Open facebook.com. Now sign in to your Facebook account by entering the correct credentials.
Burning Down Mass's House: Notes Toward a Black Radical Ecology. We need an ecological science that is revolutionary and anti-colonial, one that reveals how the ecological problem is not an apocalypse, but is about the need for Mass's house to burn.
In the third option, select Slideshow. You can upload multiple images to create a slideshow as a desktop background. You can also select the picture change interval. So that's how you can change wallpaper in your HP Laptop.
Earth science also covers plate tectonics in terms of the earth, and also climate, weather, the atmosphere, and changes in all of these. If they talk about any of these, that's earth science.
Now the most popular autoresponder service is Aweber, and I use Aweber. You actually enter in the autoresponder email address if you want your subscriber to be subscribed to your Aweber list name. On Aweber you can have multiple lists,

---

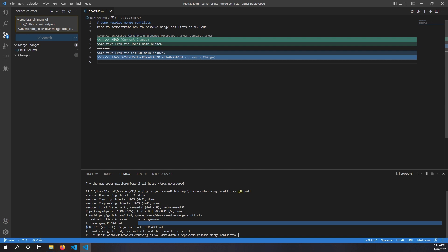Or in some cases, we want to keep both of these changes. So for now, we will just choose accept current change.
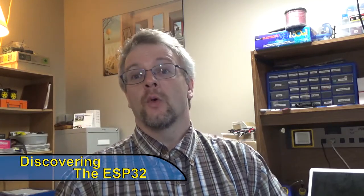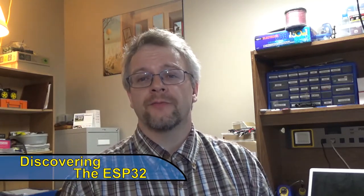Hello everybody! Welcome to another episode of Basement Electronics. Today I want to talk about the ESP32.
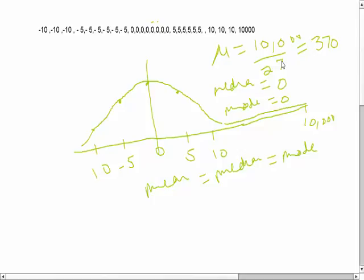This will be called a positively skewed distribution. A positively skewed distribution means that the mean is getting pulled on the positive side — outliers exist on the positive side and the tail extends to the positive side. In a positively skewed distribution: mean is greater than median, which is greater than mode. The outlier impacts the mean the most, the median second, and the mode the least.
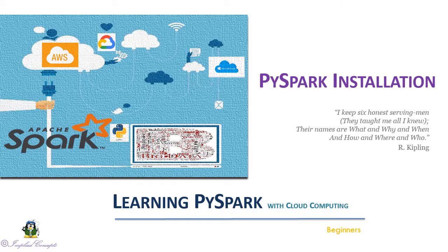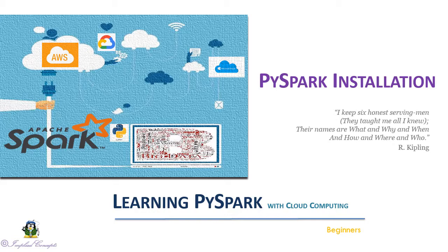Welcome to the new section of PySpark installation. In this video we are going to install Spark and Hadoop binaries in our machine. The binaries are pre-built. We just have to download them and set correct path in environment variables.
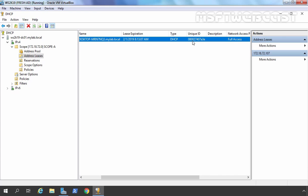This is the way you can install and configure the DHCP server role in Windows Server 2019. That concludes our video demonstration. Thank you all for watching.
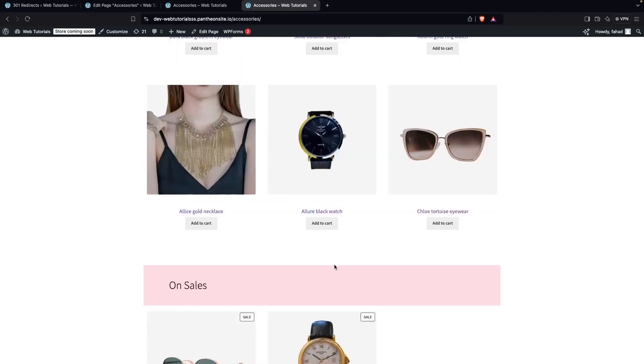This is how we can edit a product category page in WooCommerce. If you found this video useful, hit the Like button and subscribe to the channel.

==

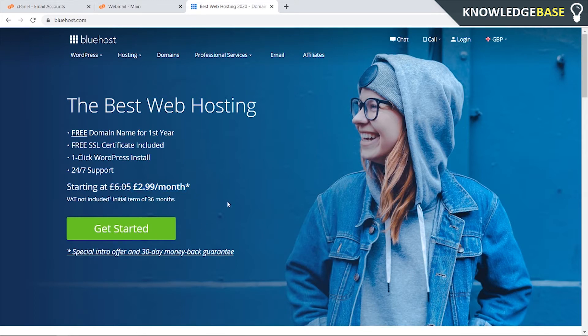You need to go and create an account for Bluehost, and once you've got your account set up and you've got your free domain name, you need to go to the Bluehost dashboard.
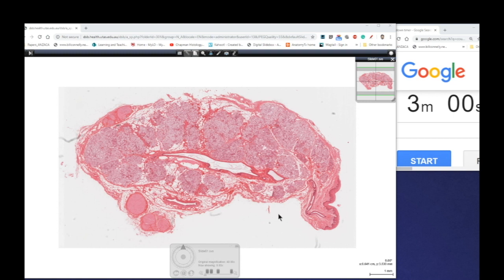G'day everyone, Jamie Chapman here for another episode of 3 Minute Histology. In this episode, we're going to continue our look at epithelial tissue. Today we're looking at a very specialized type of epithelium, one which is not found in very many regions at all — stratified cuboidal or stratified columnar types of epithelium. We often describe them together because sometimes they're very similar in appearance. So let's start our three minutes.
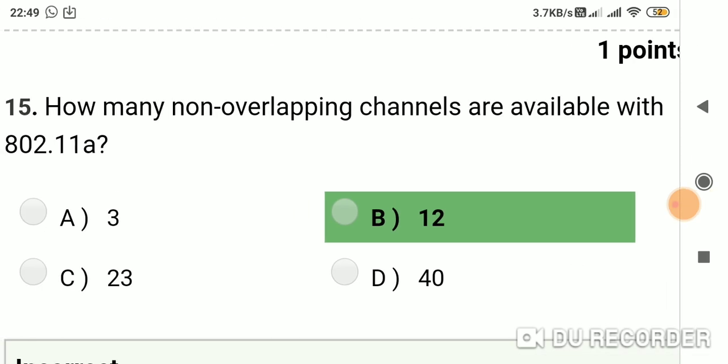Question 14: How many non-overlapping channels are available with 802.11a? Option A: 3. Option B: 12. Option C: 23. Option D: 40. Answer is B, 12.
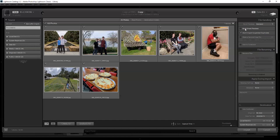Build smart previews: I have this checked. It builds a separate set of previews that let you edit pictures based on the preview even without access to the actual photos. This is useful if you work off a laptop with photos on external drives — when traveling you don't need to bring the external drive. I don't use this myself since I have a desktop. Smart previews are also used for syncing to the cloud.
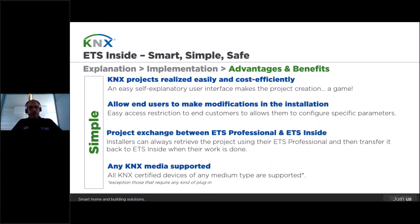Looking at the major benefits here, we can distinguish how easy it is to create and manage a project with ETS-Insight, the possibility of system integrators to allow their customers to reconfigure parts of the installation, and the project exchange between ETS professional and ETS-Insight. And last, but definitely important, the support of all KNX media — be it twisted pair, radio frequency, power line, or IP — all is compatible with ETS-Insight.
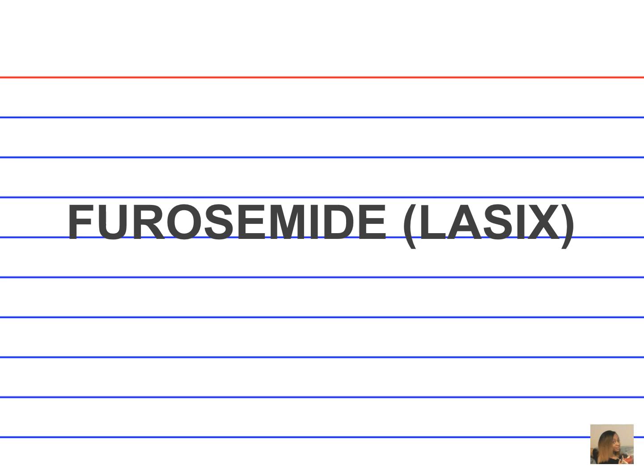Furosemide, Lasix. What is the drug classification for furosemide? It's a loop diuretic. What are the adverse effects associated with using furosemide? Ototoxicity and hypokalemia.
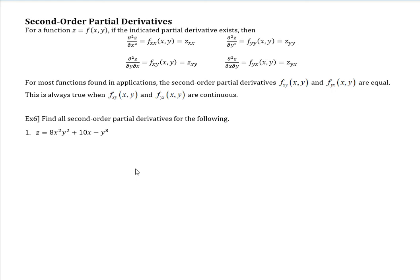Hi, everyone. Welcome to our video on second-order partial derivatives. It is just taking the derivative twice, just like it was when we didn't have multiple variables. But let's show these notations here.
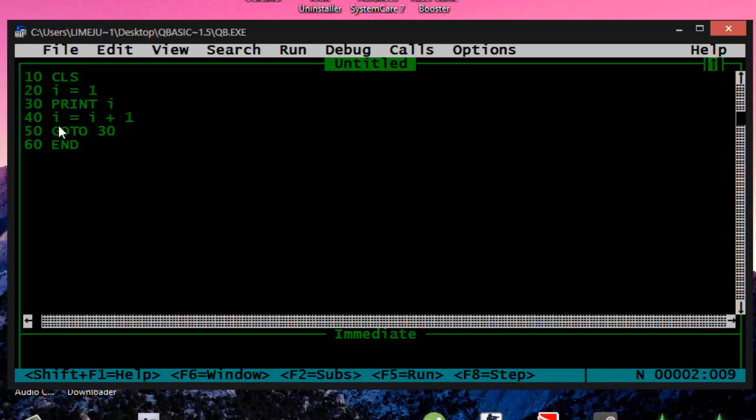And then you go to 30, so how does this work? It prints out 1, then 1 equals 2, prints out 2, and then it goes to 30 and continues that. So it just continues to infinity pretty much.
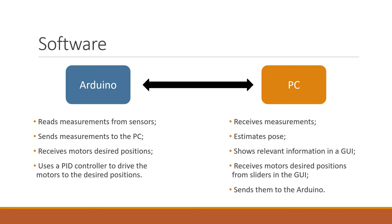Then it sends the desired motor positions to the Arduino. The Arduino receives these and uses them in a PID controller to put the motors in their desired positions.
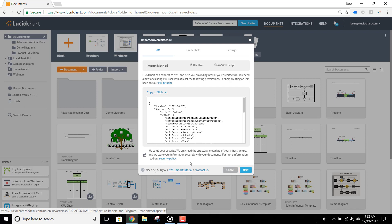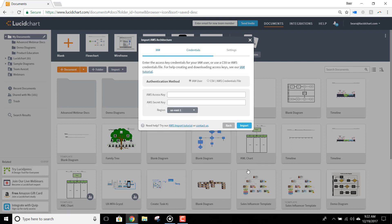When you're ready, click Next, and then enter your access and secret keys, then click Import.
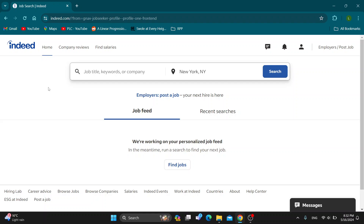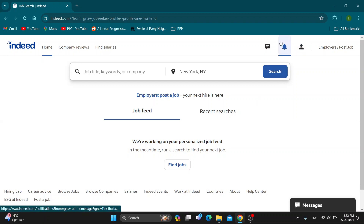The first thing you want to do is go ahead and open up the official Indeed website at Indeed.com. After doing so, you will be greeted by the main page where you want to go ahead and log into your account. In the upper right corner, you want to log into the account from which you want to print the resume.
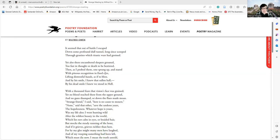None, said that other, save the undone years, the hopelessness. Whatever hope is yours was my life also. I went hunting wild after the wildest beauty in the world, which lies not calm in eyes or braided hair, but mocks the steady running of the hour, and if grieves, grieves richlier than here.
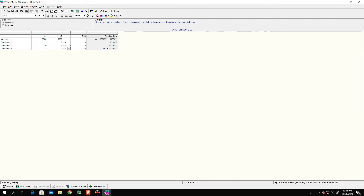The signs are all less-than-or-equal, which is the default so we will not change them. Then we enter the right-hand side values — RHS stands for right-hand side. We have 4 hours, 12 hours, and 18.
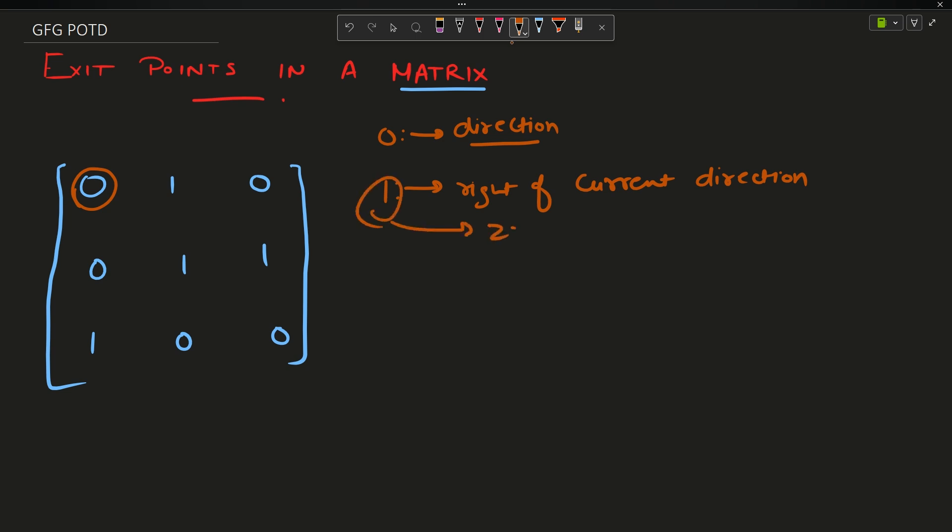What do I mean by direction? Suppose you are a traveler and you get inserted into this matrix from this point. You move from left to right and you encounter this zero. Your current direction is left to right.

- _Problem to solve_:
The lines above from the one containing "Open facebook.com. Now" through the one containing "Earth science also" are to be set down exactly, and no others.

- _Response box_:
Open facebook.com. Now sign in to your Facebook account by entering the correct credentials.
Burning Down Mass's House: Notes Toward a Black Radical Ecology. We need an ecological science that is revolutionary and anti-colonial, one that reveals how the ecological problem is not an apocalypse, but is about the need for Mass's house to burn.
In the third option, select Slideshow. You can upload multiple images to create a slideshow as a desktop background. You can also select the picture change interval. So that's how you can change wallpaper in your HP Laptop.
Earth science also covers plate tectonics in terms of the earth, and also climate, weather, the atmosphere, and changes in all of these. If they talk about any of these, that's earth science.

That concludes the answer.